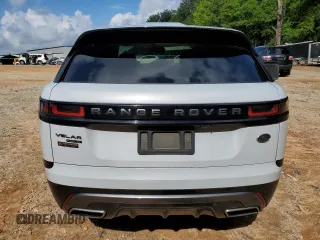 2018 Land Rover Range Rover Velar R-Dynamic SE with VIN SALYL2RV0JA742102, listed as a Copart auction lot 55455245 with 92,804 mi miles and Salvage title. Bid and sale history available at DreamBid. Image 6.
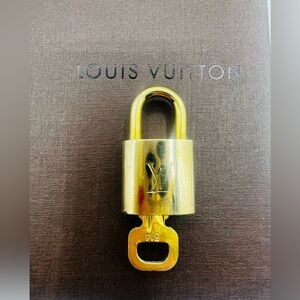 Louis Vuitton Lock and Key #314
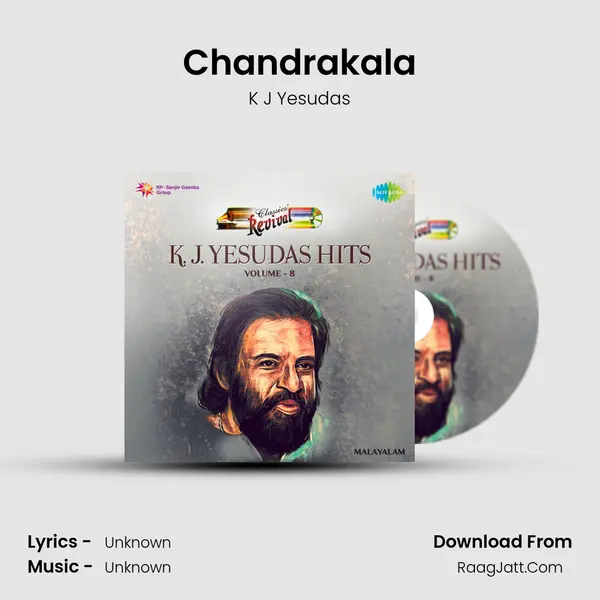 Chandrakala MP3 Song by K J Yesudas Cover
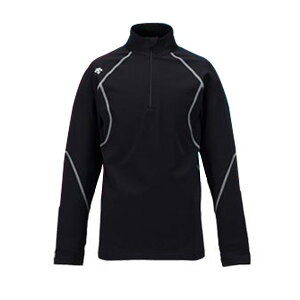 デサント DESCENTE dus6435j-blk JUNIOR UNDER SHIRTS 子供用アンダーシャツ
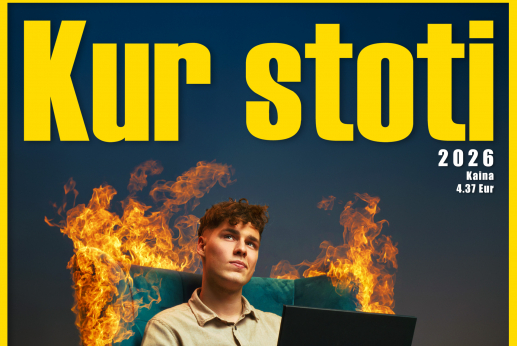 Naujas „Kur stoti 2026“ – jau prekyboje ! Viskas apie priėmimą !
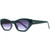 Reality Eyewear The Spector Forest Green Smoke Angle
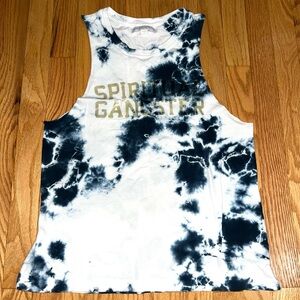 Spiritual Gangster Tie Dye Tank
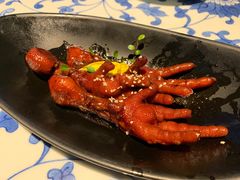 吮指鸡爪-桂满陇天书(南京德基旗舰店)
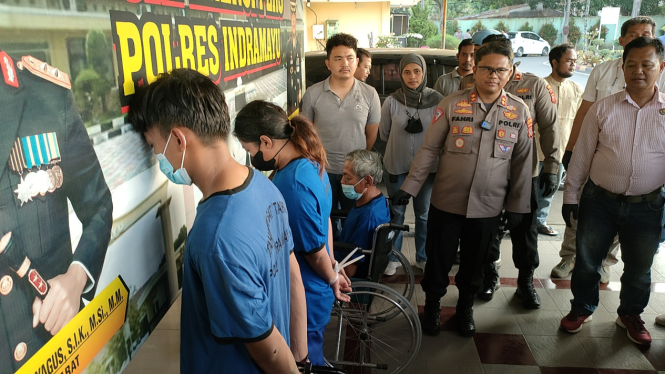 Polres Indramayu rilis kasus ibu bunuh anak kandung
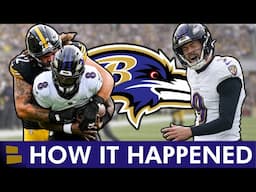 The Ravens Loss To The Steelers Just Got 100x Worse After Seeing This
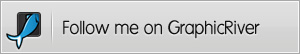 Follow me on GraphicRiver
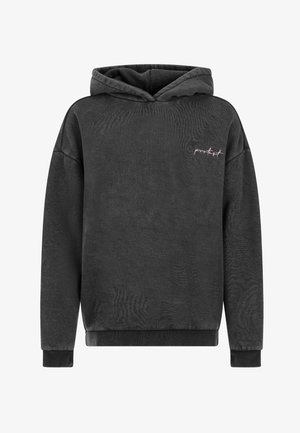Protest, Hoodie - true black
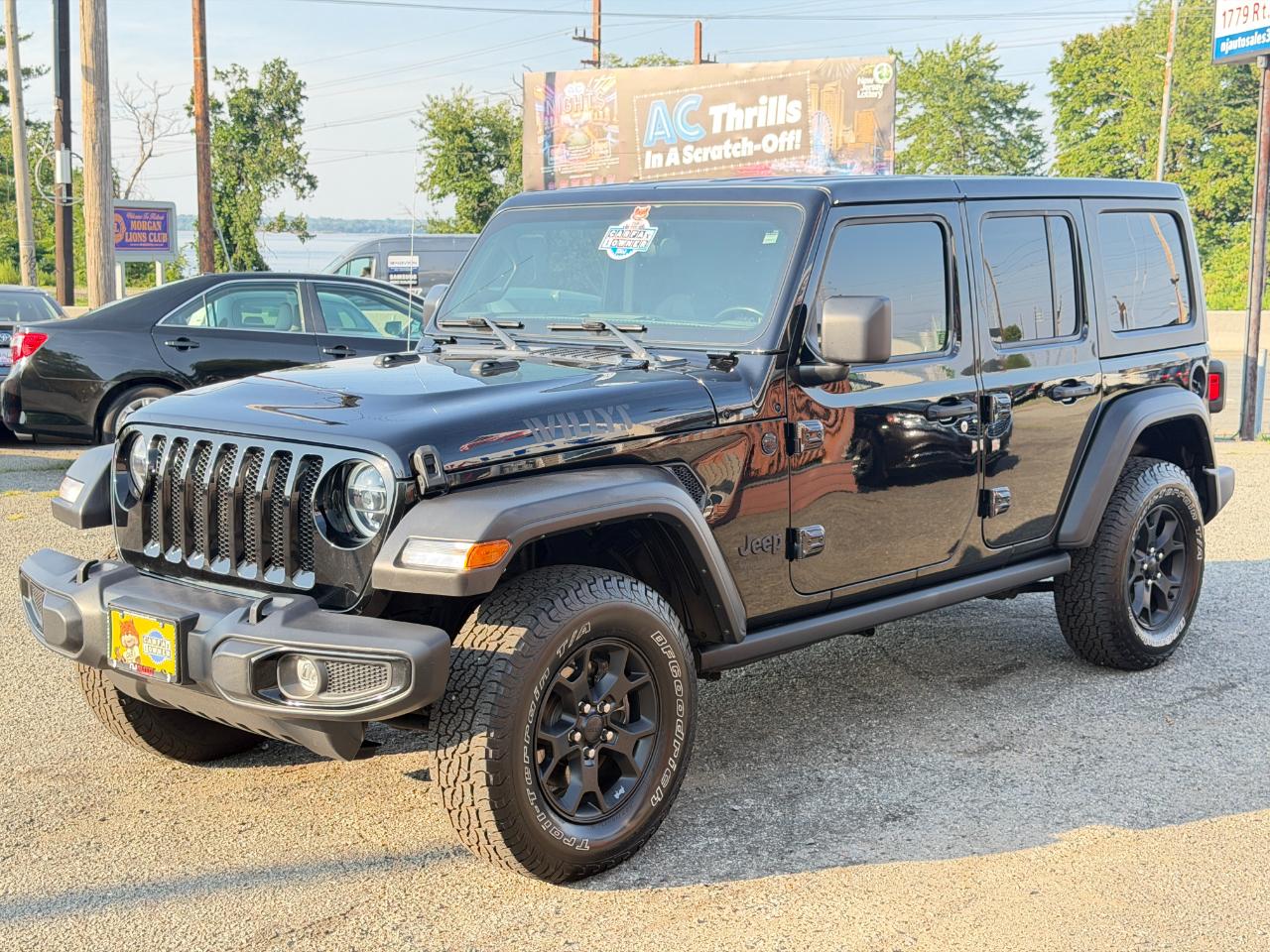 Jeep Wrangler Unlimited Willys 4x4 2021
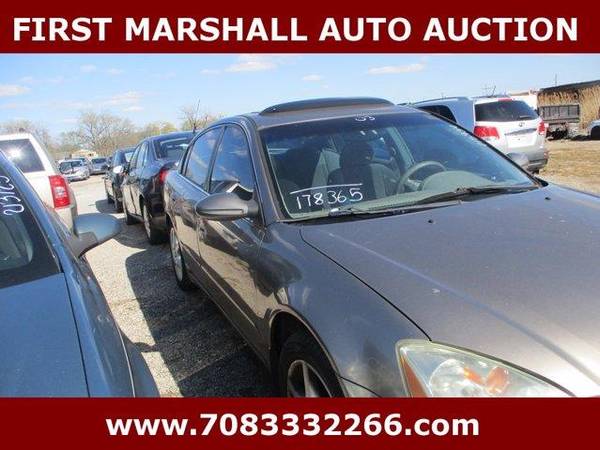 2003 Nissan Altima SE - Auction Pricing - - by dealer for sale in Harvey, IL – photo 2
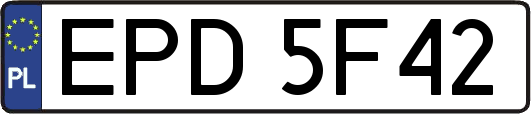 EPD5F42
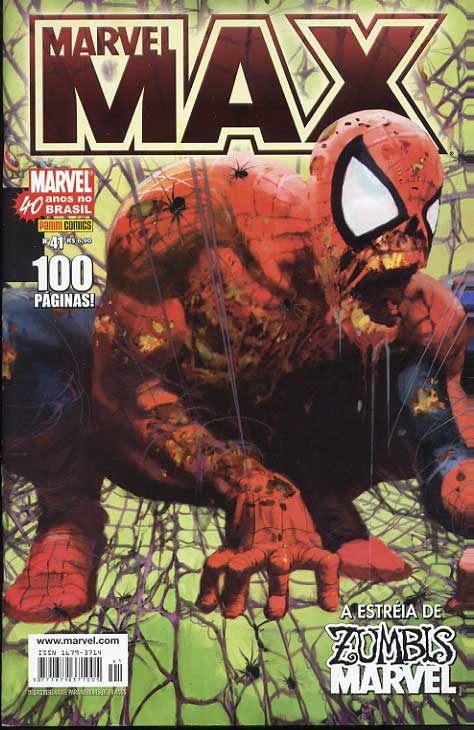 Marvel Max # 41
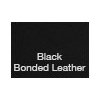 Tiffany Stool, Black Bonded Leather, Counter
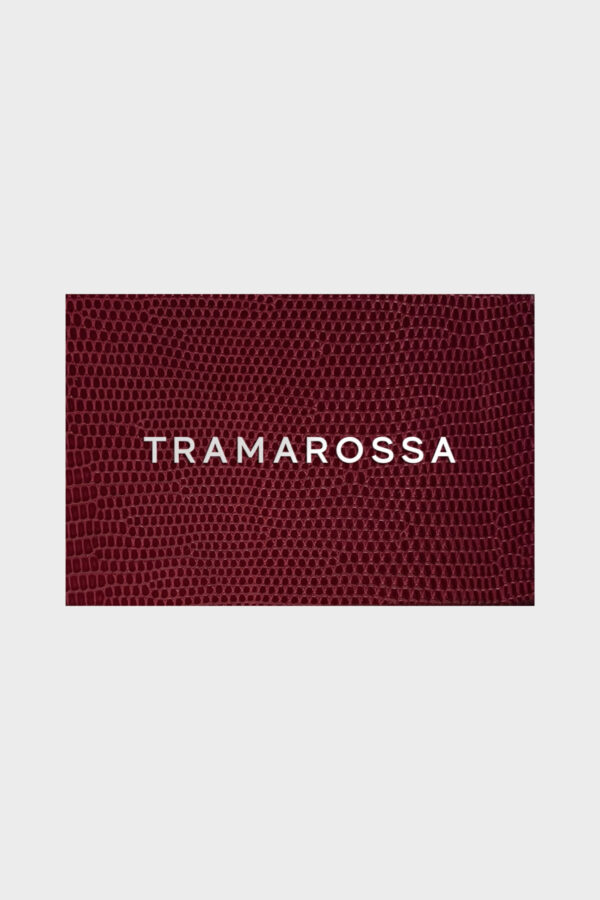 Sartoria Tramarossa Salpa in Lizard – Strawberry Qualità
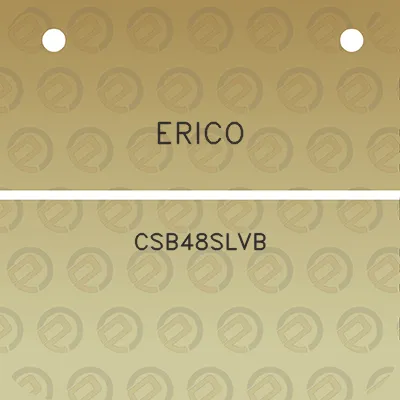 erico-csb48slvb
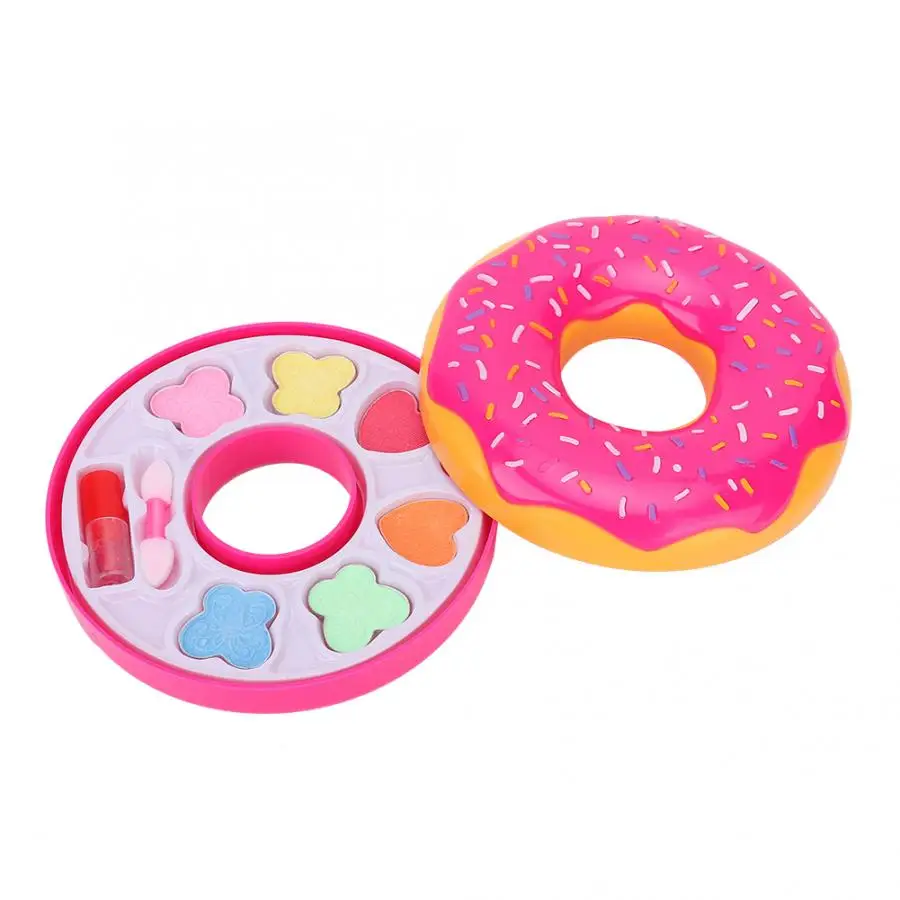 3 Styles Children Pretend Play Toys Princesses Make up Box Interactive Toy Makeup Set Tools Toy for Children Girls Gift Box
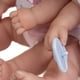 thumbnail image 5 of JC Toys Berenguer Boutique Realistic La Newborn Gemelos de vinilo lavable de 12.5" | Set de regalo temático azul y rosa con pañal reutilizable, gorras, camisas, chupete, biberones y certificado de nac, 5 of 5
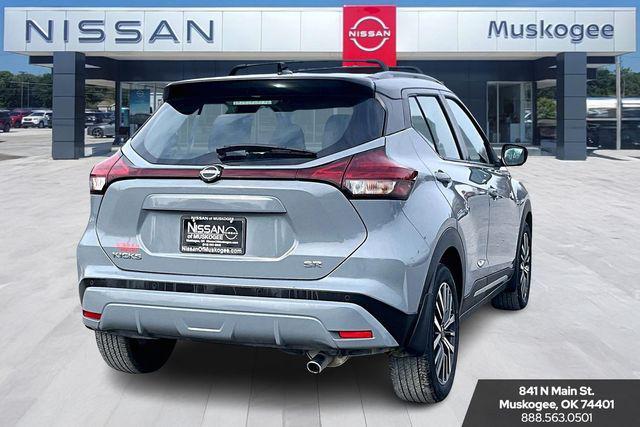 used 2023 Nissan Kicks car, priced at $19,298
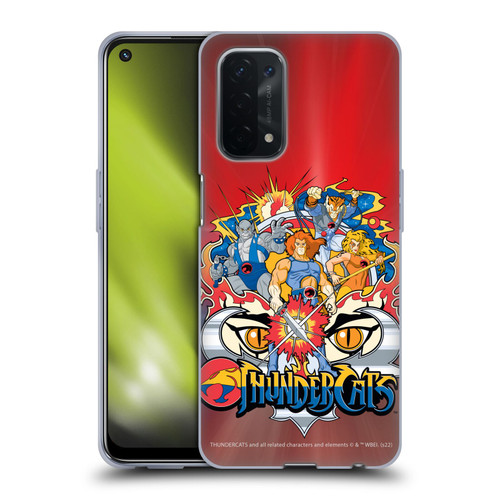 Thundercats Graphics Characters Soft Gel Case for OPPO A54 5G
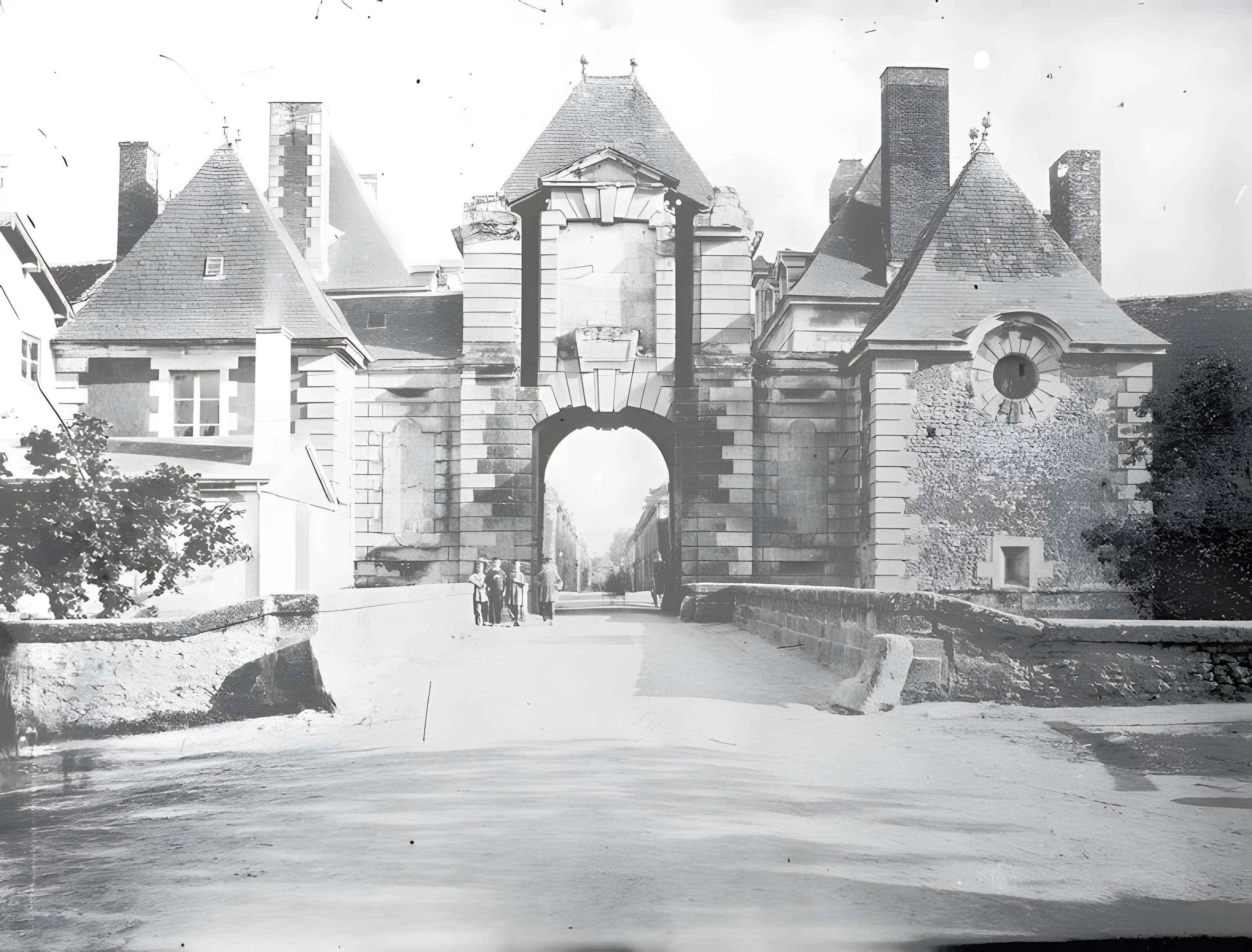 Enceinte de la ville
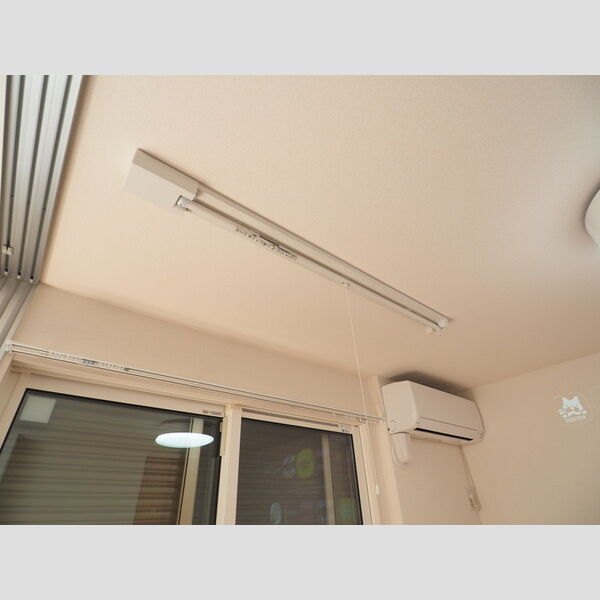 ヴィラージュたまプラーザ　欅203号室 室内物干し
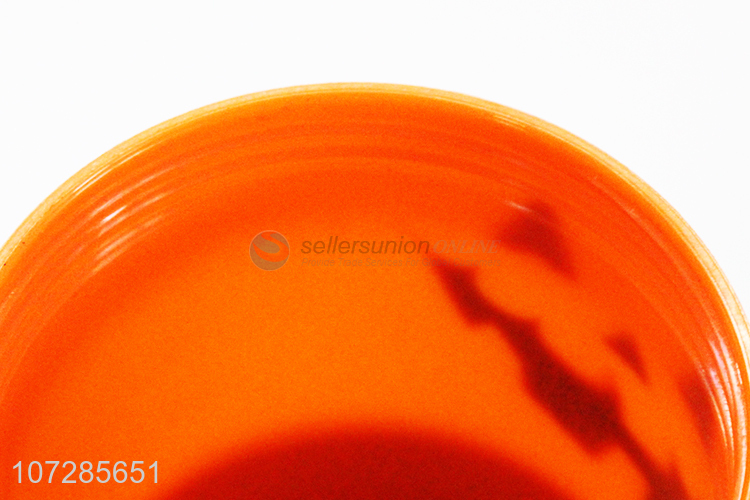 Newwest Halloween Pumpkin Pattern Design Plastic Auto Mug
------------------------------------
Task to carry out
Return each record as written, minus its images.

Answer
 2018 Land Rover Range Rover Velar R-Dynamic SE with VIN SALYL2RV0JA742102, listed as a Copart auction lot 55455245 with 92,804 mi miles and Salvage title. Bid and sale history available at DreamBid. Image 6.
 Louis Vuitton Lock and Key #314
 Chandrakala MP3 Song by K J Yesudas Cover
 デサント DESCENTE dus6435j-blk JUNIOR UNDER SHIRTS 子供用アンダーシャツ
 Naujas „Kur stoti 2026“ – jau prekyboje ! Viskas apie priėmimą !
 Reality Eyewear The Spector Forest Green Smoke Angle
 Spiritual Gangster Tie Dye Tank
 吮指鸡爪-桂满陇天书(南京德基旗舰店)
 Polres Indramayu rilis kasus ibu bunuh anak kandung
 The Ravens Loss To The Steelers Just Got 100x Worse After Seeing This
 Follow me on GraphicRiver
Protest, Hoodie - true black
 Jeep Wrangler Unlimited Willys 4x4 2021
 2003 Nissan Altima SE - Auction Pricing - - by dealer for sale in Harvey, IL – photo 2
 EPD5F42
 Marvel Max # 41
 Tiffany Stool, Black Bonded Leather, Counter
 Sartoria Tramarossa Salpa in Lizard – Strawberry Qualità
 erico-csb48slvb
 3 Styles Children Pretend Play Toys Princesses Make up Box Interactive Toy Makeup Set Tools Toy for Children Girls Gift Box
 thumbnail image 5 of JC Toys Berenguer Boutique Realistic La Newborn Gemelos de vinilo lavable de 12.5" | Set de regalo temático azul y rosa con pañal reutilizable, gorras, camisas, chupete, biberones y certificado de nac, 5 of 5
 used 2023 Nissan Kicks car, priced at $19,298
 Thundercats Graphics Characters Soft Gel Case for OPPO A54 5G
 Enceinte de la ville
 ヴィラージュたまプラーザ　欅203号室 室内物干し
 Newwest Halloween Pumpkin Pattern Design Plastic Auto Mug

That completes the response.